26th British Machine Vision Conference (BMVC)
Albert Gordo, Adrien Gaidon and Florent Perronnin: Deep Fishing: Gradient Features from Deep Nets
Abstract: Convolutional Networks (ConvNets) have recently improved image recognition performance thanks to end-to-end learning of deep feed-forward models from raw pixels. Deep learning is a marked departure from the previous state of the art, the Fisher Vector (FV), which relied on gradient-based encoding of local hand-crafted features. In this paper, we discuss a novel connection between these two approaches. First, we show that one can derive gradient representations from ConvNets in a similar fashion to the FV.
Second, we show that this gradient representation actually corresponds to a structured matrix that allows for efficient similarity computation. We experimentally study the benefits of transferring this representation over the outputs of ConvNet layers, and find consistent improvements on the Pascal VOC 2007 and 2012 datasets.

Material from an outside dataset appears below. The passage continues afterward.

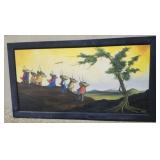 Framed painting of landscape scene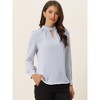 INSPIRE CHIC Women's Office Keyhole Elegant Stand Collar Long Sleeve Back Neck Button Blouse - 2 of 4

Adrien Gaidon, Eleonora Vig: Online domain adaptation for multi-object tracking
Automatically detecting, labeling, and tracking objects in videos depends first and foremost on accurate category-level object detectors. These might, however, not always be available in practice, as acquiring high-quality large scale labeled training datasets is either too costly or impractical for all possible real-world application scenarios. A scalable solution consists in re-using object detectors pre-trained on generic datasets. This work is the first to investigate the problem of on-line domain adaptation of object detectors for causal multi-object tracking (MOT). We propose to alleviate the dataset bias by adapting detectors from category to instances, and back: (i) we jointly learn all target models by adapting them from the pre-trained one, and (ii) we also adapt the pre-trained model on-line. We introduce an on-line multi-task learning algorithm to efficiently share parameters and reduce drift, while gradually improving recall. Our approach is applicable to any linear object detector, and we evaluate both cheap 'mini-Fisher Vectors' and expensive 'off-the-shelf' ConvNet features. We quantitatively measure the benefit of our domain adaptation strategy on the KITTI tracking benchmark and on a new dataset (PASCAL-to-KITTI) we introduce to study the domain mismatch problem in MOT.